Issue
I am trying to get data from a table on a website using scrapy. The first column in the table has a few fields with a "ROWSPAN" of various lengths. When I run my crawl code, the table output gets messed up because the code does not recognizes the data in column 1 for all the rows covered by the original "ROWSPAN" statement.
I have created an html file mimicking the table I'm trying to crawl, and what I am trying to accomplish. As you see in the html output, the "Family" column spans all rows containing the same family members.

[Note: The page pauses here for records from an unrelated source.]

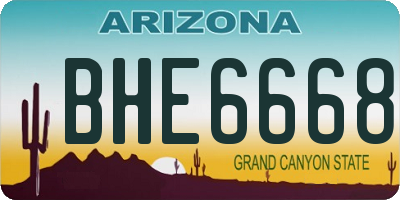 AZ license plate BHE6668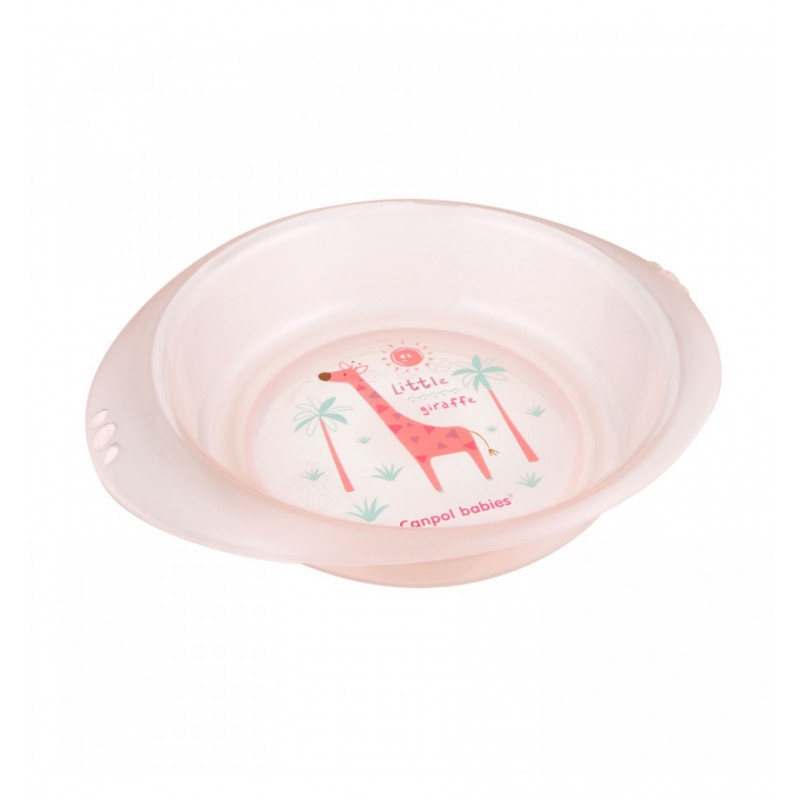 Διαφανές μπολ - καμηλοπάρδαλη, πλαστικό 320 ml, ροζ χρώμα  269609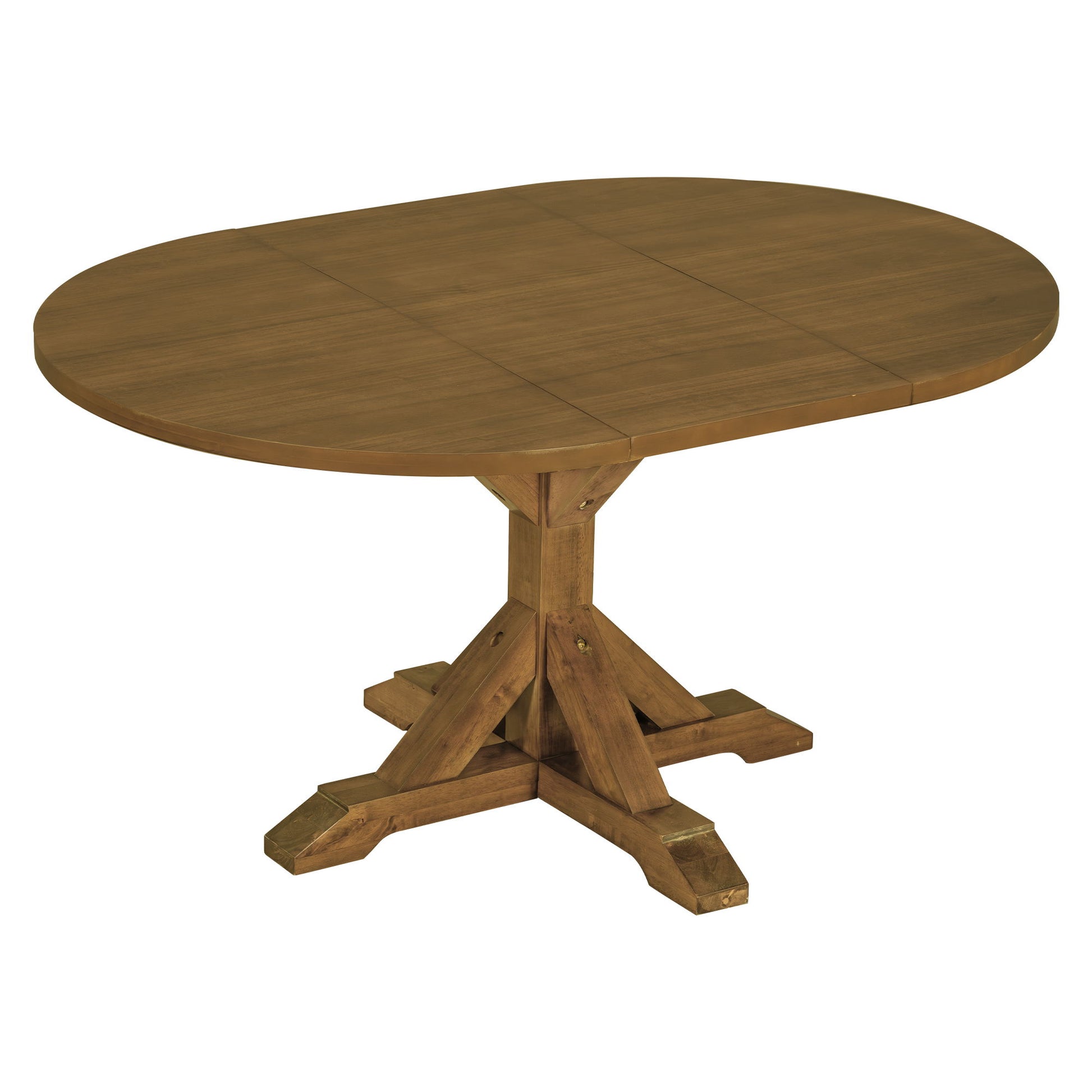 Topmax - 6 Piece Farmhouse Extendable Pedestal Dining Table Set With 18Inch Removable Leaf, Bench And 4 Ladder Back Dining Chairs - Best Buy Furniture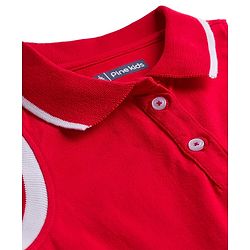 Pine Kids Cotton Knit Sleeveless Frock with Heart Patch - Red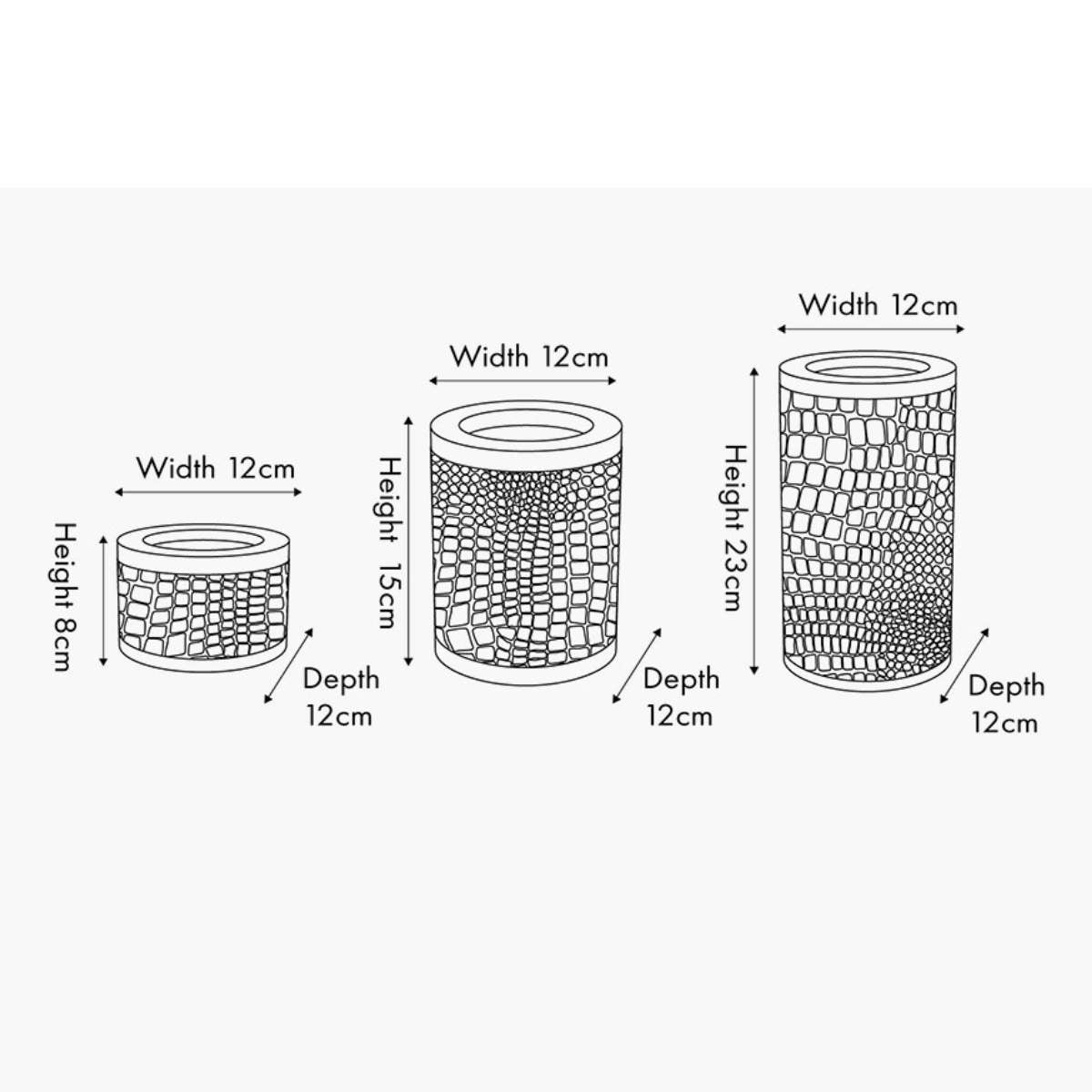 Pacific Lifestyle S/3 Antique Silver Croc Print Metal Pillar Candle Holders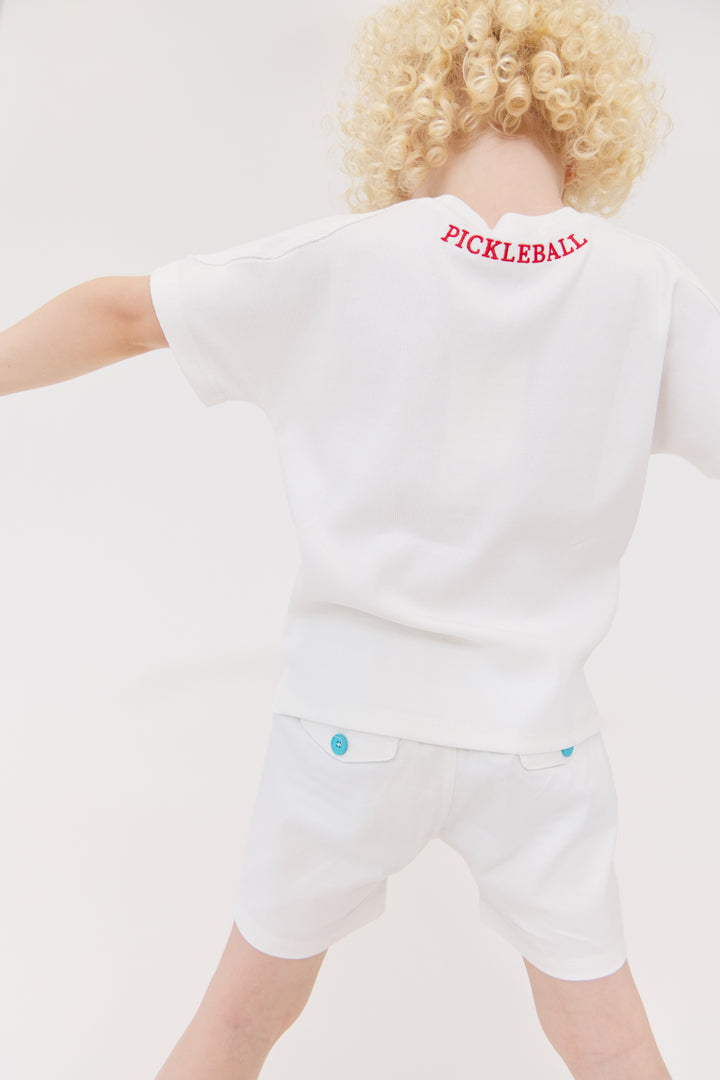 shorts pickleball patch - white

But the scrapy code output only shows the correct Family title on the first entry for each Family.
Scrapy Code:
import scrapy
class FamilyTableSpider(scrapy.Spider):
name = 'familytable'
allowed_domains = ['127.0.0.1'] #domain changed to protect the innocent
start_urls = ['127.0.0.1'] #url changed to protect the innocent
def start_requests(self):
urls = [
'127.0.0.1', #url changed to protect the innocent
]
for url in urls:
yield scrapy.Request(url=url, callback=self.parse)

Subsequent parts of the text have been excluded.